About 1-in-5 activist campaigns led to a proxy contest during the first half of the year – but none of those contests sought to gain control of the target’s board.  Of the 12 contests reviewed in the survey, 4 went to a vote, with the dissidents winning just once.

John Jenkins

August 25, 2017

Duty of Loyalty: Chancery Sets a High Bar for “Bad Faith” Claims

This Fried Frank memo reviews the Delaware Chancery Court’s recent decision in In re MeadWestvaco S’holders Litig. (Del. Ch.; 8/17), in which Chancellor Bouchard dismissed allegations of bad faith in connection with a target board’s approval of a stock-for-stock merger entered into in the wake of an activist campaign.  Here’s an excerpt summarizing the key aspects of the case:

– The decision — in which the court suggests that the standards of “waste” and “bad faith” are equivalent — highlights the extremely high bar to potential liability of disinterested target company directors. We note that if, under Corwin, business judgment review applies in a post-closing action for damages, the only basis on which a transaction can be successfully challenged is that it constituted “waste”; and that if Corwin does not apply, then, given the effect of the exculpation statute, the only route to a successful post-closing action for damages is that the directors’ conduct in approving the transaction was so egregious that it constituted “bad faith.” In MeadWestvaco, the court indicated that the two standards are essentially equivalent — and virtually impossible to meet.

– Non-controller, non-Revlon transactions (like the stock-for-stock merger in MeadWestvaco) continue to be subject to business judgment review both pre-closing and post-closing. We note that Corwin — which when applicable transforms the standard of review post-closing to business judgment (regardless of what the standard was pre-closing) — should have no practical impact on non-Revlon transactions.

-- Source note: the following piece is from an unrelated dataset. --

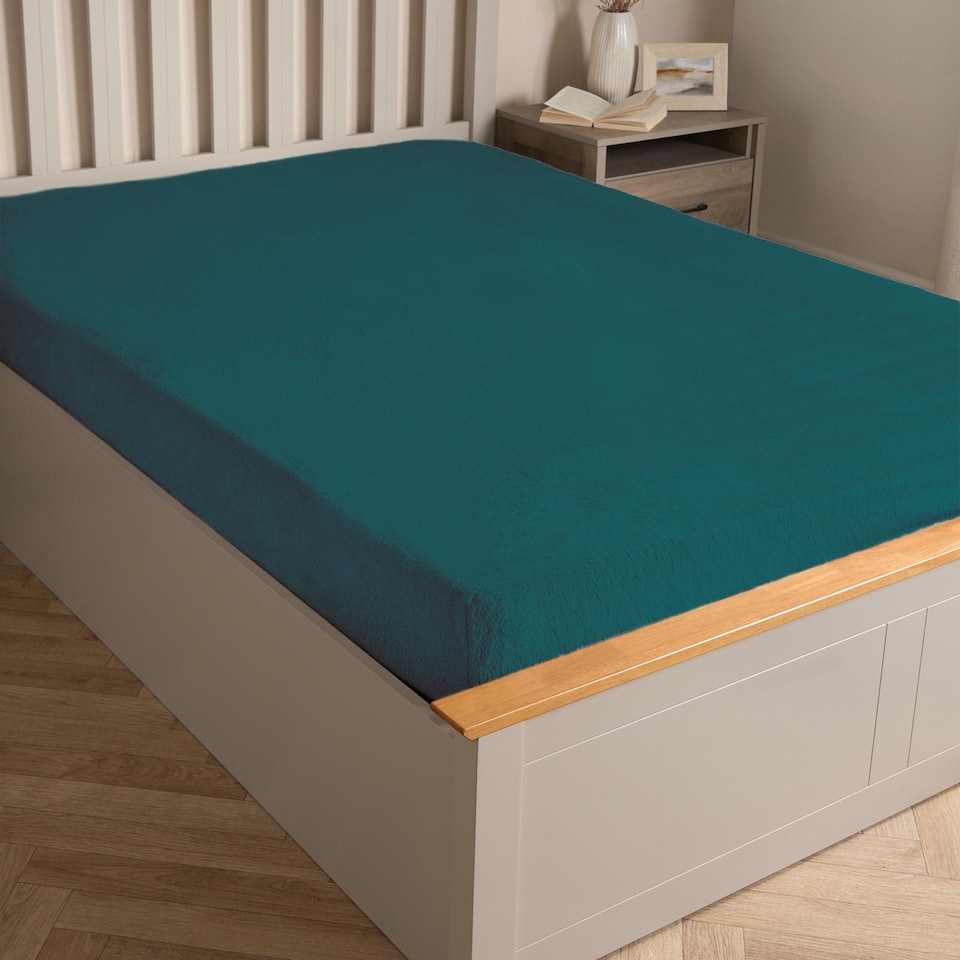 image 1 of OHS Teddy Fleece Thermal Fitted Bed Sheet | Green | Teal | Single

– Although the court did not address the issue, MeadWestvaco may signal that there remains some uncertainty whether Corwin “cleanses” bad faith by directors. As discussed below, although one early post-Corwin decision stated that Corwin does cleanse bad faith, and a number of decisions since then have stated that Corwin cleanses breaches of the duty of loyalty (of which, we note, the duty of good faith is a part), MeadWestvaco may signal that some uncertainty remains as to whether Corwin would cleanse director action that is “so ‘egregious,’ so ‘irrational,’ or ‘so far beyond the bounds of reasonable judgment’ as to be ‘inexplicable on any ground other than bad faith.’”

John Jenkins

August 24, 2017

Antitrust: FTC Adopts Investigation Reforms

This Ropes & Gray memo discusses recent a FTC decision to implement several internal process reforms that will streamline information requests and improve transparency in antitrust investigations.  The reforms include:

– Providing plain language descriptions of the investigative demand process;

– Developing business education materials to help small businesses understand how to comply;

– Adding more detailed descriptions of the scope and purpose of investigations to give companies a better understanding of the information the agency seeks;

– Limiting the relevant time periods investigated by the agency;

– Significantly reducing the length and complexity of instructions for providing electronically stored data; and

– Increasing the amount of time allowed for responses to improve the quality and timeliness of compliance by recipients.

Other measures include closing older investigations and identifying unnecessary regulations.  The FTC is also reviewing its data security investigations with a view to providing guidance to companies regarding what data security practices have been deemed sufficient.